All paragangliomas consist of two types of cells; type I and type II. The main components are lobules or nests of the chief cells (type I); known as Zellballen. They are surrounded by a single layer of sustentacular cells (type II). The histomorphological features of gangliocytic paraganglioma are similar to paraganglioma and ganglioneuroma. Immunohistochemical reactions for synaptophysin and neuron-specific enolase highlight the chief cells, while the sustentacular cells show expression of S100. The ganglion cells express synaptophysin, neuron- specific enolase, and neurofilament, indicating their neuronal differentiation. Glial fibrillary acidic protein can differentiate these tumors from the ependymoma, which is the most common differential diagnosis. Ependymal cells are GFAP positive, while neoplastic cells of paraganglioma are GFAP negative.

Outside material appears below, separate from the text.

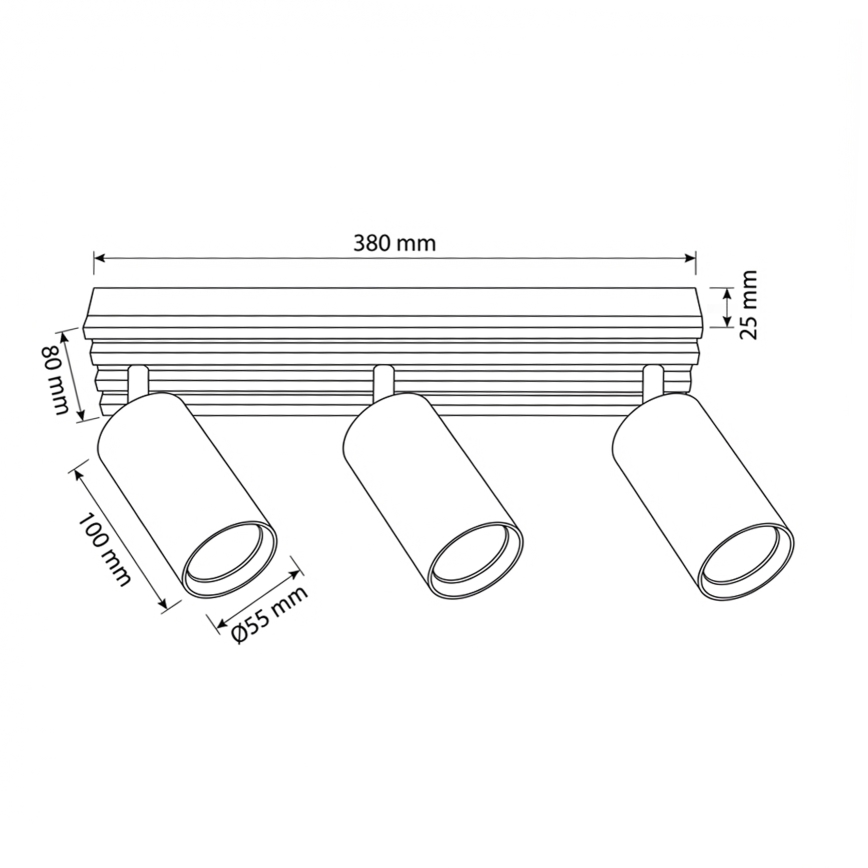 Brilagi - Luminaria de focos SELE WOOD 3xGU10/30W/230V negro/madera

The usual management of spinal paragangliomas is surgical resection. When the lesions are placed in the junction areas, laminotomy is preferred over laminectomy, considering the motion segments and potential for future instability. The role of adjuvant radiotherapy is controversial and should be reserved for unencapsulated or incompletely excised lesions, as it does not guarantee the prevention of tumor recurrence. However, follow-up in the form of a clinical examination every month after the operative procedure till six months, followed by every six months, and a radiological examination (MRI at third postoperative month followed by every six months) is recommended. The postoperative survival rate is good in spinal paragangliomas with a low recurrence rate. In their review, Gelabert-González reported a local recurrence rate of 2.2% in total excision cases and 5.4% to 10.5% in cases of subtotal excision of spinal paragangliomas. In the study by Yin et al. comprising 18 patients with spinal paragangliomas, they observed recurrence in only one patient. Mishra et al. reported no recurrence in eight patients with spinal paragangliomas.

CONCLUSION

Spinal paraganglioma is seldom considered in preoperative differential diagnosis due to its rarity and nonspecific clinical features. Furthermore, because of the lack of pathognomonic radiologic features, they are frequently misdiagnosed as schwannoma or ependymoma. Complete surgical resection is considered curative and subtotal resection often leads to recurrence. Further, paragangliomas of this region may exhibit prominent areas of ependymoma-like histology. Hence although rare, paragangliomas should be included in the differential diagnosis of an intradural, extramedullary tumor of this region, and IHC/ultrastructural studies should be done for accurate diagnosis in doubtful cases.

We have described a case of a 35-year-old male with a large gangliocytic paraganglioma of the spine, diagnosed as ependymoma radiologically. To date, only nine cases of gangliocytic paraganglioma have been previously reported, and this is the largest gangliocytic paraganglioma to have been reported.